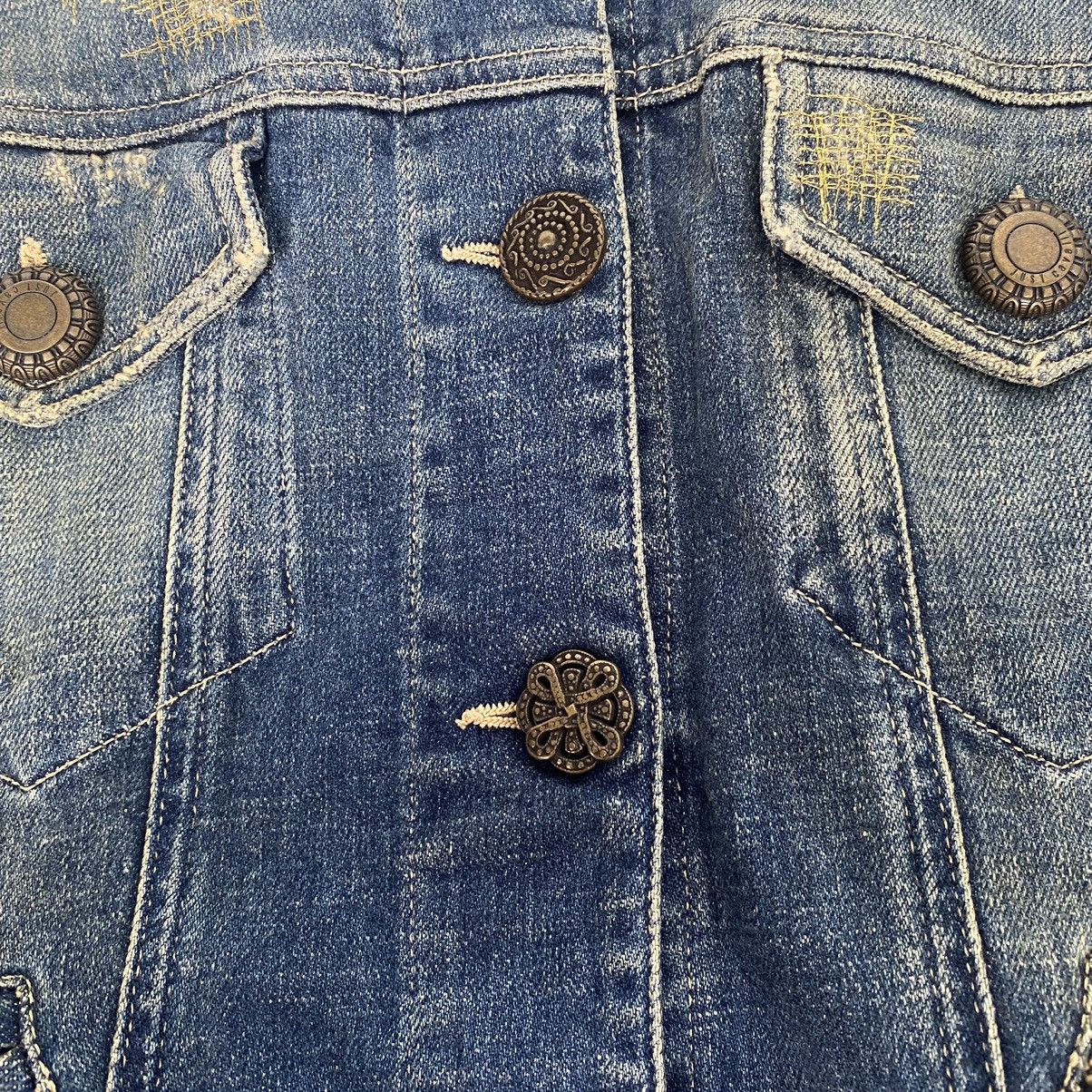 Designer Vintage Very Rare Roberto Cavalli Distressed Denim Jackets Size S / US 4 / IT 40 - 6 Thumbnail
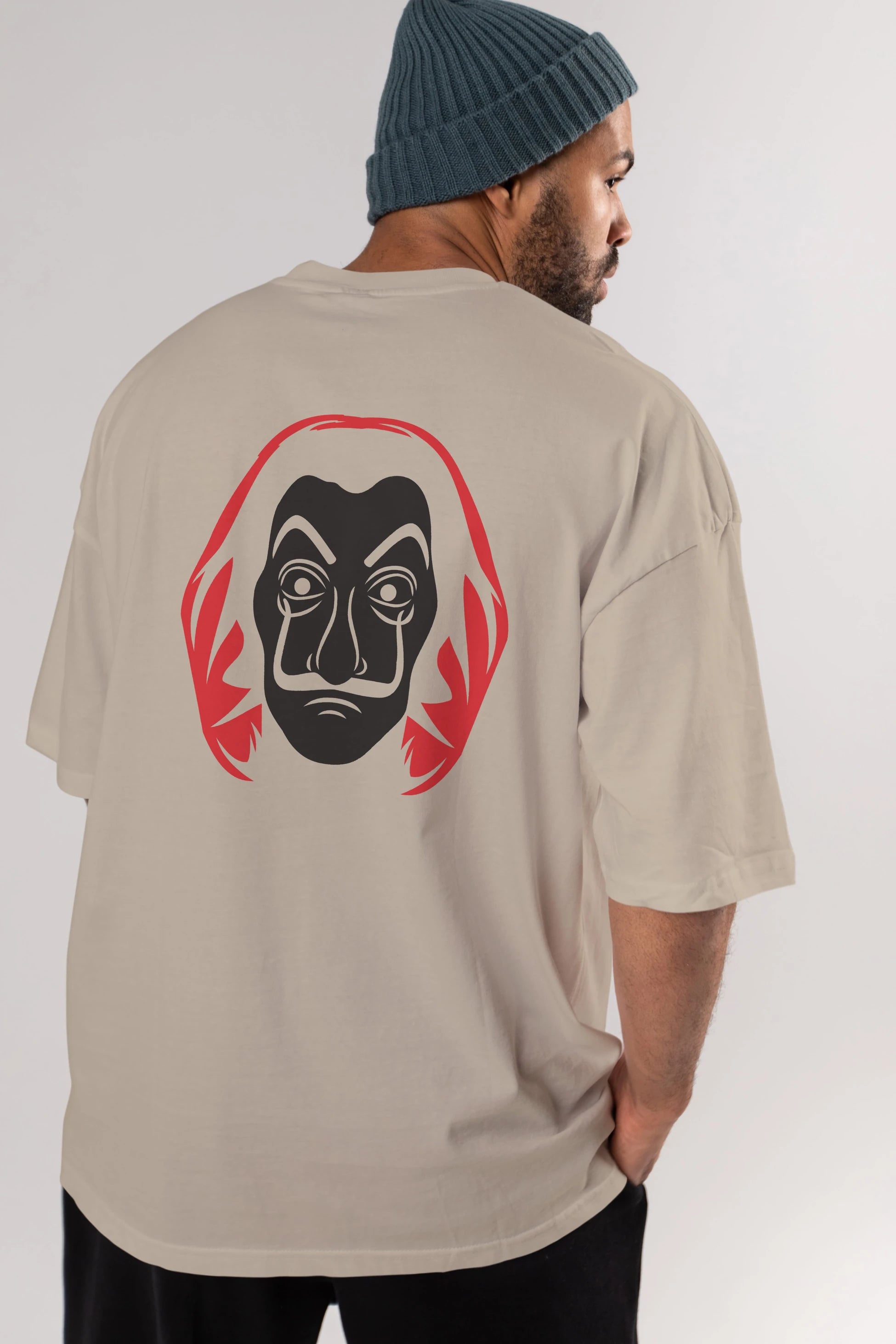 La Casa De Papel (8) Arka Baskılı Oversize t-shirt Erkek Kadın Unisex %100 Pamuk Bisiklet Yaka tişort
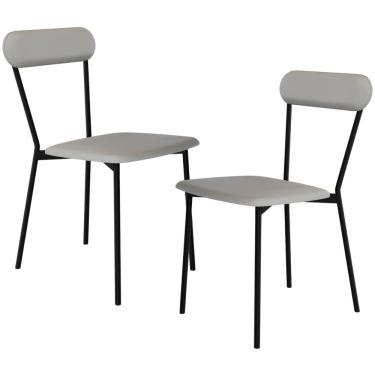 Imagem de Kit 02 Cadeiras Estofada Para Sala de Jantar Liora Preto C01 Courino Off White - Lyam Decor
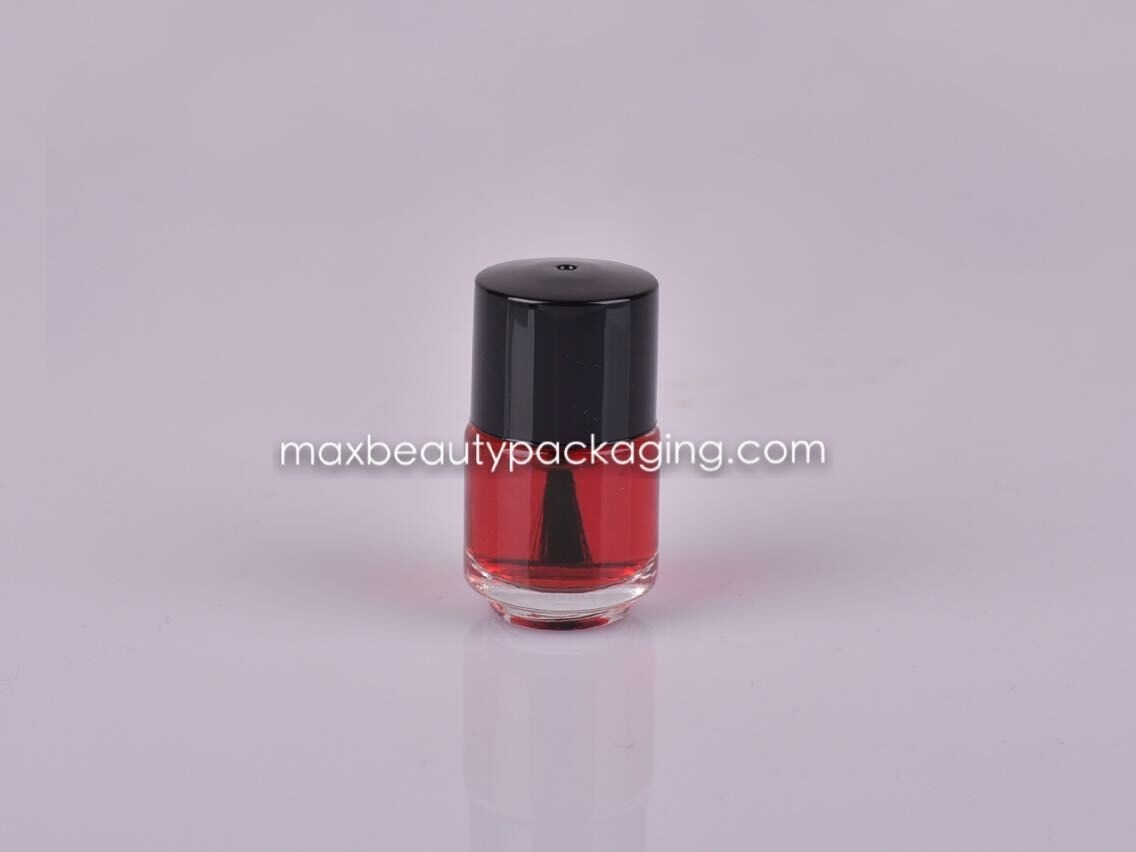 7ml round nail polish bottle shiny black cap flat brush nail polish packaging plastic cosmetic packaging uv coatings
□ □ □ □ □ □ □
● **EXERCISE OBJECTIVE**:
Within the listing above, find the line containing "La Casa De Papel", then print it and every line after it exactly, leaving out pictures.

● **OUTPUT BELOW**:
 La Casa De Papel (8) Arka Baskılı Oversize t-shirt Erkek Kadın Unisex %100 Pamuk Bisiklet Yaka tişort
 Imagem de Kit 02 Cadeiras Estofada Para Sala de Jantar Liora Preto C01 Courino Off White - Lyam Decor
 7ml round nail polish bottle shiny black cap flat brush nail polish packaging plastic cosmetic packaging uv coatings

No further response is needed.